El striptease del siglo XXI debe ser un híbrido de la sensualidad inteligente de Gypsy Rose Lee, la elegancia glamurosa de Lili St. Cyr, la corporalidad de Tempest Storm, la alegre ingenuidad de Bettie Page. La fusión de una Baubo risueña consciente del poder que encierra su vulva, una sanadora Ama-no-Uzume, una Friné que no se tape la cara avergonzada como en el cuadro de Gêrome sino que luzca con orgullo su desnudez divina ante los jueces… Un striptease entendido como ritual de profundos significados, capaz de liberar la libido encadenada cuando forma parte de juegos de seducción y belleza. Un striptease no orientado solamente a despertar el deseo masculino sino el deseo en sí mismo, el de la bailarina por su propia actuación y el del público por la belleza intrínseca de un cuerpo que se exhibe con orgullo. Y por supuesto, una asignatura pendiente en esta misma línea es recuperar los años perdidos del striptease masculino y crearle una mitología y un espacio propios más allá del rito de las despedidas de soltera. ¿Para cuándo una escuela de striptease como la de Chiqui Martí pero orientada a hombres que quieran aprender a sexualizar su cuerpo y sacarle partido? 
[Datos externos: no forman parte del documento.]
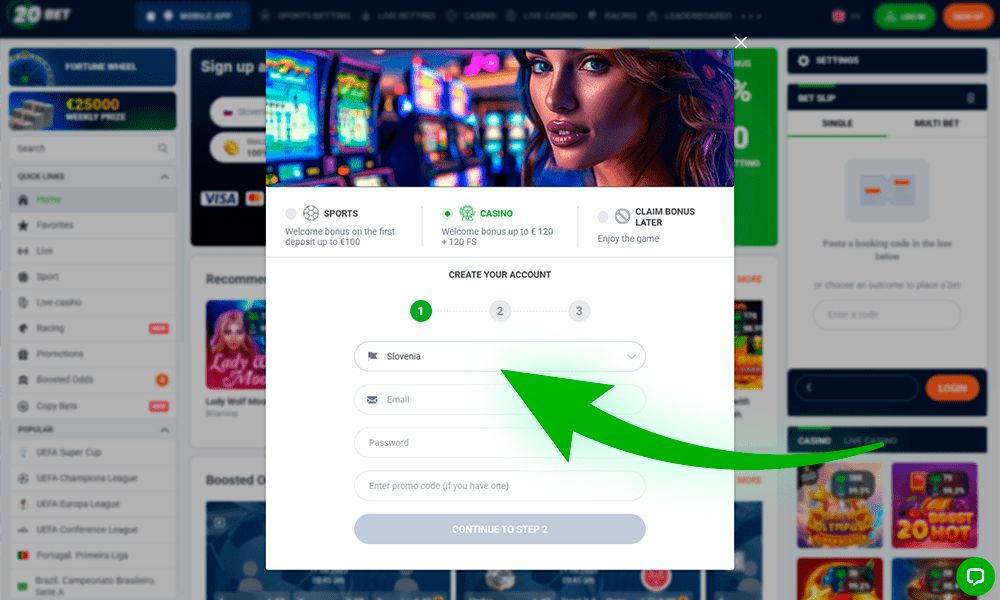 Izberite državo in valuto za registracijo 20Bet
Al evolucionar, el striptease se convertirá también en un medio de expresión. La bailarina Julie Atlas Muz, por ejemplo, lo utilizó como herramienta en una actuación-protesta contra la restricción de los derechos civiles en los Estados Unidos post 11-S. En su número, entraba en escena atada y con los ojos vendados, y su striptease consistía en desnudarse quitándose una cuerda tras otra.

Veamos… ¿Falta algo en esta lista de buenos deseos? Pues sí, claro: mejorar la imagen social de la stripteaser, ya que las mujeres que se desnudan en público han sido vistas tradicionalmente con una enorme negatividad. A veces como prostitutas. Por ejemplo, cuando Gilda intenta desnudarse en público para avergonzar a su marido y le espeta «así verán que estás casado con una…», siendo interrumpida por una bofetada. Otras veces las stripteasers se han percibido como amenazas al orden social, al igual que Mata Hari-Salomé sosteniendo una cabeza cortada. En ocasiones han sido representadas como estúpidas, véanse las mil parodias de strippers tontitas… Y a menudo se las trata como mujeres descarriadas, con la condescendencia perdonavidas de quien se siente superior. Cuánto más divertida y leve es la mirada de Stan Lee al crear a Stripperella, superheroína de cómic, stripteaser y agente secreto que lucha contra el mal con sus reflejos de pantera, superinteligencia y una larga melena rubia que le sirve de paracaídas. 

Bien, ya tenéis (tenemos) trabajo suficiente para el presente siglo, así que es hora de despedirme con un mensaje a los lectores y lectoras que hayan hecho caso a lo que aconsejaba en la introducción y se hayan ido desnudando durante las siete secciones del artículo. Respirad hondo. Contemplad vuestro cuerpo, apreciad sus virtudes y defectos. Y cuando giréis la página, levantaos y bailad como vuestro instinto os dicte… Si necesitáis atrezo, cualquier titánico ejemplar escrito de Jot Down os servirá admirablemente, como los abanicos de cuerpo entero de Sally Rand

Hemos entendido al fin que la desnudez es natural. Ahora, aprendamos a lucirla.